Vooral in het wetenschappelijk onderwijs zijn ‘gele kaarten’ een uitzondering geworden, blijkt uit de jaarlijkse telling van de Nederlands-Vlaamse Accreditatieorganisatie. Van de 404 beoordeelde opleidingen kregen er maar tien te horen dat ze verbeteringen moesten doorvoeren. Daar krijgen ze één of twee jaar de tijd voor.
Eer aan zichzelf
In het hbo kregen 12 van de 211 beoordeelde opleidingen zo’n ‘herstelperiode’. Dat is een normale uitkomst. Sinds het jaar 2012 loopt zo’n 5 procent van alle gekeurde opleidingen, zowel in hbo als wo, tegen een gele kaart aan.
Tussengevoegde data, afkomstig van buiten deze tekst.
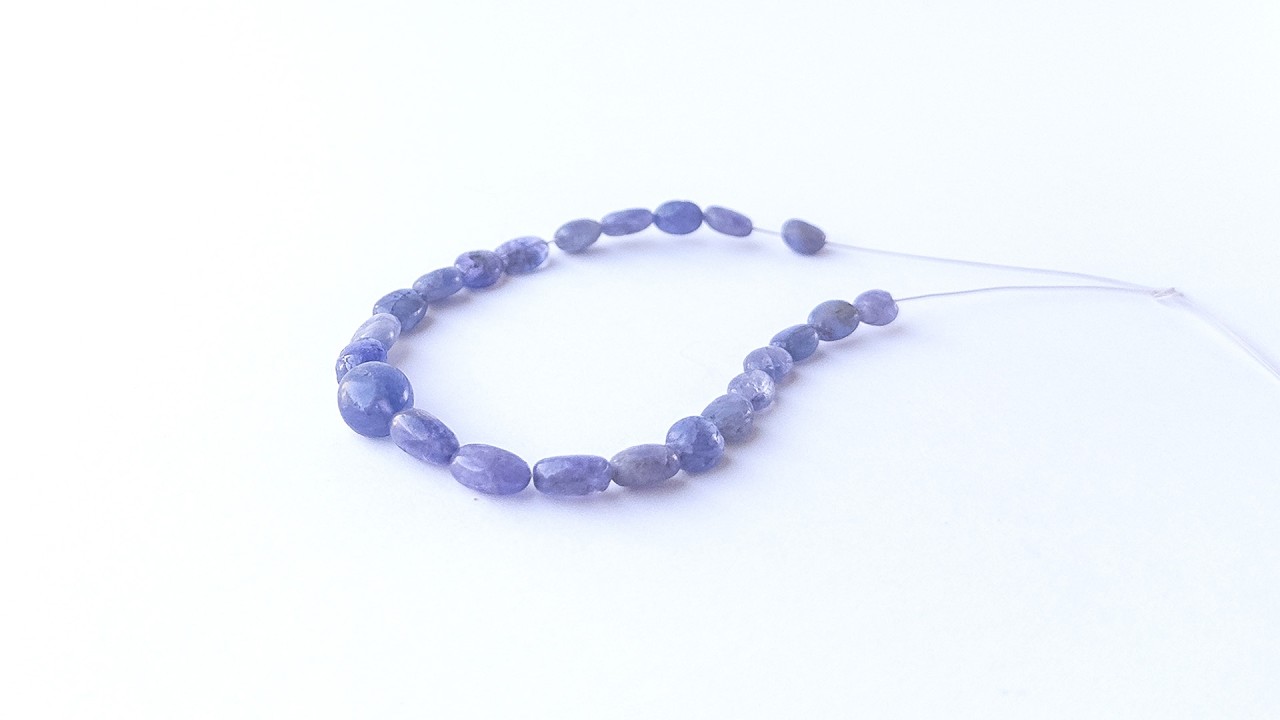 Blue Sapphire | Smooth Oval | 4.7-8.2mm Bead Size | 23 Pieces | 38 Carats video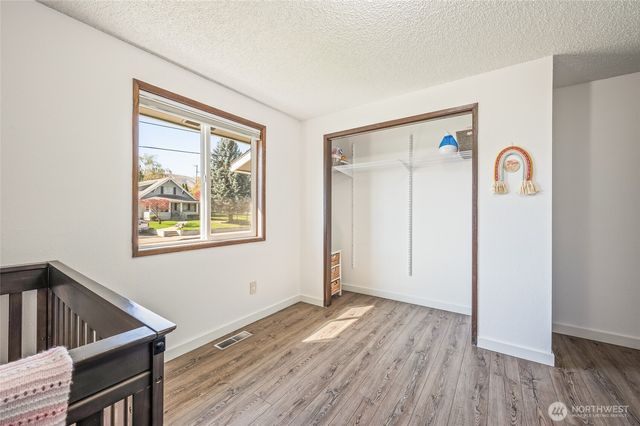 932 CRAWFORD Avenue, Wenatchee, WA 98801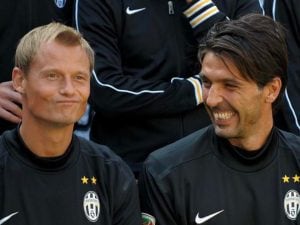 Buffon ricorda Manninger: “Ho perso un amico. Ci guardavi come a dire: siete matti, non mi avrete”
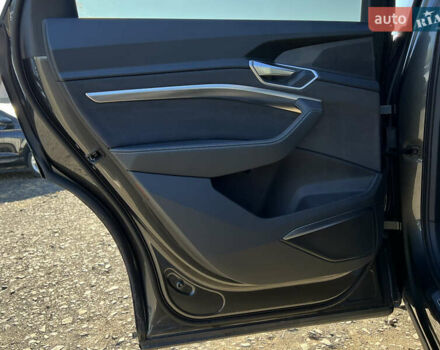 Серый Ауди E-Tron, объемом двигателя 0 л и пробегом 42 тыс. км за 47848 $, фото 32 на Automoto.ua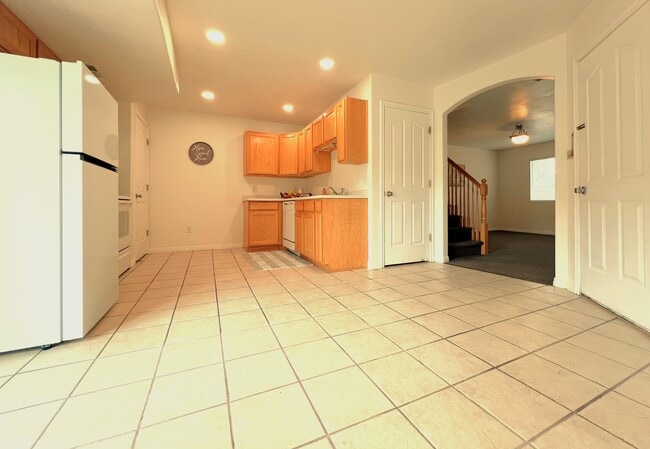 Building Photo - 352 E Newsome Park Ln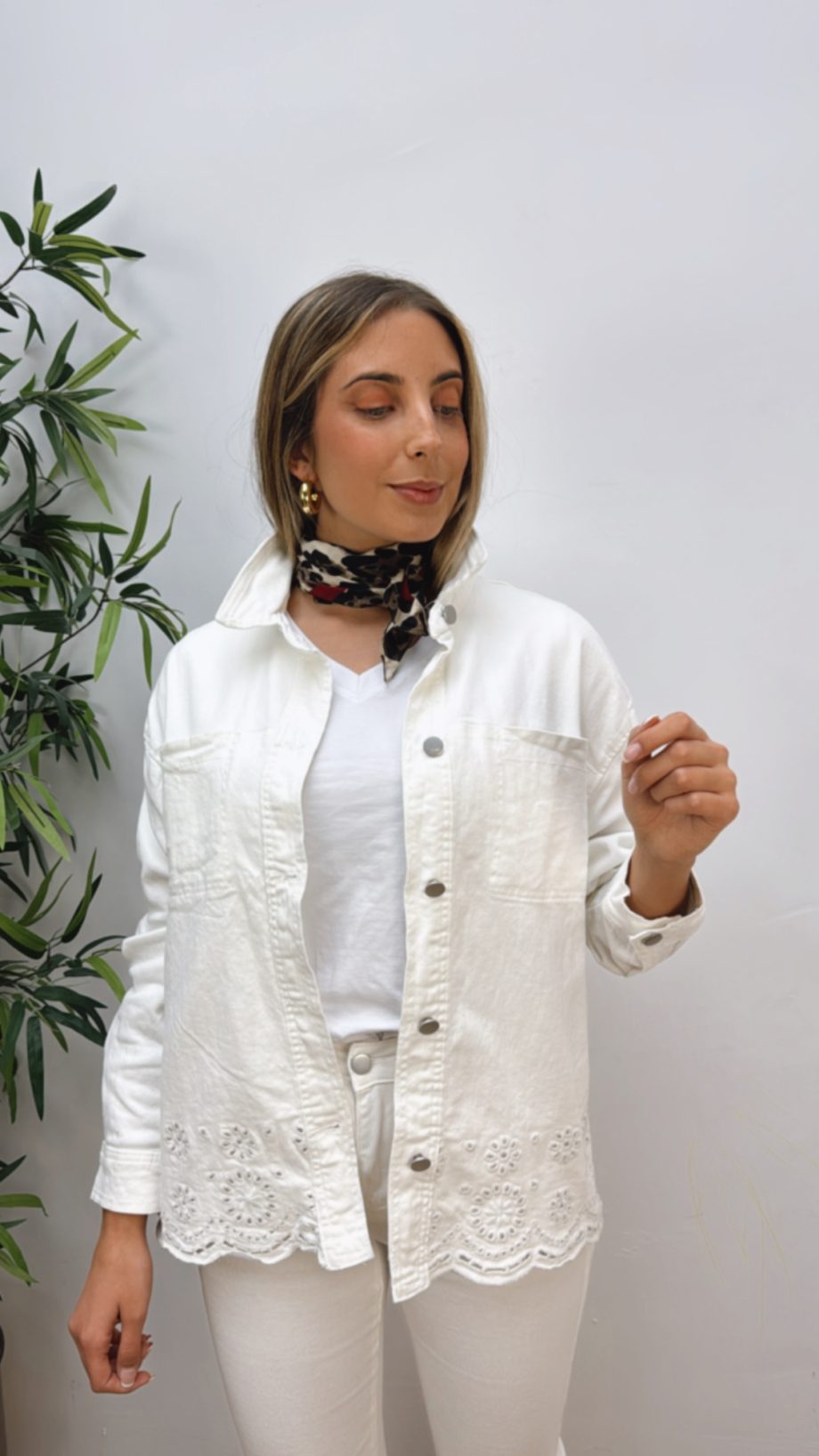 Chaqueta Troquelada Blanco Roto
Na de herstelperiode halen ze het allemaal: er zijn sinds 2012 nul bestaande opleidingen afgekeurd. Wel zijn er elk jaar een paar opleidingen die hun aanvraag voor accreditatie voortijdig intrekken, mogelijk omdat ze de eer aan zichzelf willen houden.
‘We kunnen vertrouwen op de kwaliteit van het Nederlandse hoger onderwijs’, concludeert NVAO-voorzitter Anne Flierman. Hij meent dat er bij bestaande opleidingen ‘ruimte is voor het geven van vertrouwen’.
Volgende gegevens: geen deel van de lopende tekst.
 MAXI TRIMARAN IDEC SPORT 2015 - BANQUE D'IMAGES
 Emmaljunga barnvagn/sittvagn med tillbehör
Dat sluit aan bij zijn uitspraken in een recent interview met het HOP over ‘instellingsaccreditatie’. Van hem mogen sommige universiteiten en hogescholen meer verantwoordelijkheid krijgen voor hun eigen kwaliteitsbewaking.
Nieuw
Bij nieuwe opleidingen is het anders. Als het onderwijs nog niet is begonnen, is het moeilijker om aannemelijk te maken dat alles in orde zal zijn. Het lukt overigens steeds vaker, ziet de NVAO, maar de keurmeesters zijn lang niet altijd overtuigd.
Van de 23 nieuwe universitaire opleidingen mochten er maar 16 zonder meer van start. In het hbo waren dat er 14 van de 21. De rest trok zich terug of mocht alleen ‘onder voorwaarden’ beginnen: dan komt de NVAO eerder kijken of alles goed gaat.